Question

Observe the following chemical reaction,
\[{\text{HCl (g) + N}}{{\text{H}}_{\text{3}}}{\text{(g) }} \to {\text{ N}}{{\text{H}}_{\text{4}}}{\text{Cl (s) }}\]
If 3.0 moles of HCl gas and 3 moles of \[{\text{N}}{{\text{H}}_{\text{3}}}\]gas each measured at \[{\text{20}}^\circ {\text{C}}\]and 1.0 atmosphere pressure, are allowed to react completely according the equation above, the final mixture will contain
A.3 moles of solid \[{\text{ N}}{{\text{H}}_{\text{4}}}{\text{Cl }}\]only
B.5 moles of solid \[{\text{ N}}{{\text{H}}_{\text{4}}}{\text{Cl }}\]only
C.3 moles of solid \[{\text{ N}}{{\text{H}}_{\text{4}}}{\text{Cl }}\]+ 2 moles of \[{\text{N}}{{\text{H}}_{\text{3}}}\]gas
D.3 moles of solid \[{\text{ N}}{{\text{H}}_{\text{4}}}{\text{Cl }}\]+ 2 moles of \[{\text{HCl}}\]gas
D.2 moles of \[{\text{HCl}}\]gas, 4 moles of \[{\text{N}}{{\text{H}}_{\text{3}}}\]gas and 1 mole of solid \[{\text{ N}}{{\text{H}}_{\text{4}}}{\text{Cl }}\]

Answer 1

Hint: Using the given balanced reaction determine the mole ratio of \[{\text{HCl}}\]:\[{\text{N}}{{\text{H}}_{\text{3}}}\]:\[{\text{ N}}{{\text{H}}_{\text{4}}}{\text{Cl }}\]. Using the mole ratio determines the moles of product formed. Also, determine the unreacted moles of the reactant if they remain in the mixture after completion of the reaction.

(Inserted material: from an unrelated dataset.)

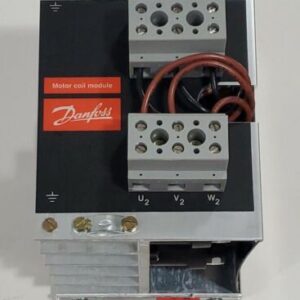*NEW* Danfoss 195H6521 Veriable Speed Drive Motor Coil Module 460V 10A +Warranty - Image 3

Complete step by step answer:
The reaction given to us is:
\[{\text{HCl (g) + N}}{{\text{H}}_{\text{3}}}{\text{(g) }} \to {\text{ N}}{{\text{H}}_{\text{4}}}{\text{Cl (s) }}\]
From this balance reaction, we can say that 1 mole of \[{\text{HCl}}\] reacts with 1 mole of \[{\text{N}}{{\text{H}}_{\text{3}}}\]and produce 1 mole of\[{\text{ N}}{{\text{H}}_{\text{4}}}{\text{Cl }}\].
So, the mole ratio of \[{\text{HCl}}\]:\[{\text{N}}{{\text{H}}_{\text{3}}}\]:\[{\text{ N}}{{\text{H}}_{\text{4}}}{\text{Cl }}\] is 1:1:1.
Using the mole ratio of reactants and product calculate the moles of product form as follows:
We have given 3.0 moles of HCl gas and 3 moles of \[{\text{N}}{{\text{H}}_{\text{3}}}\] gas.
As mole ratio of \[{\text{HCl}}\]:\[{\text{N}}{{\text{H}}_{\text{3}}}\]:\[{\text{ N}}{{\text{H}}_{\text{4}}}{\text{Cl }}\] is 1:1:1 and moles of HCl gas and moles of \[{\text{N}}{{\text{H}}_{\text{3}}}\] gas given is also equal so 3.0 moles of HCl gas will react completely with 3 moles of \[{\text{N}}{{\text{H}}_{\text{3}}}\]gas and will give 3.0 moles of solid\[{\text{ N}}{{\text{H}}_{\text{4}}}{\text{Cl }}\].
As both the reactants \[{\text{HCl}}\] gas and \[{\text{N}}{{\text{H}}_{\text{3}}}\]gas react completely with each other there will be no reactant after completion of the reaction.
So, after completion of the reaction, final mixture will contain only 3.0 moles of solid\[{\text{ N}}{{\text{H}}_{\text{4}}}{\text{Cl }}\].

Thus, the correct option is (A) 3 moles of solid \[{\text{ N}}{{\text{H}}_{\text{4}}}{\text{Cl }}\] only.

Note: Always use the balance reaction to determine the mole ratio of reactant and product. Moles of product form and moles of reactants remain unreacted depending on the mole ratio of reactant and product and given moles of reactants.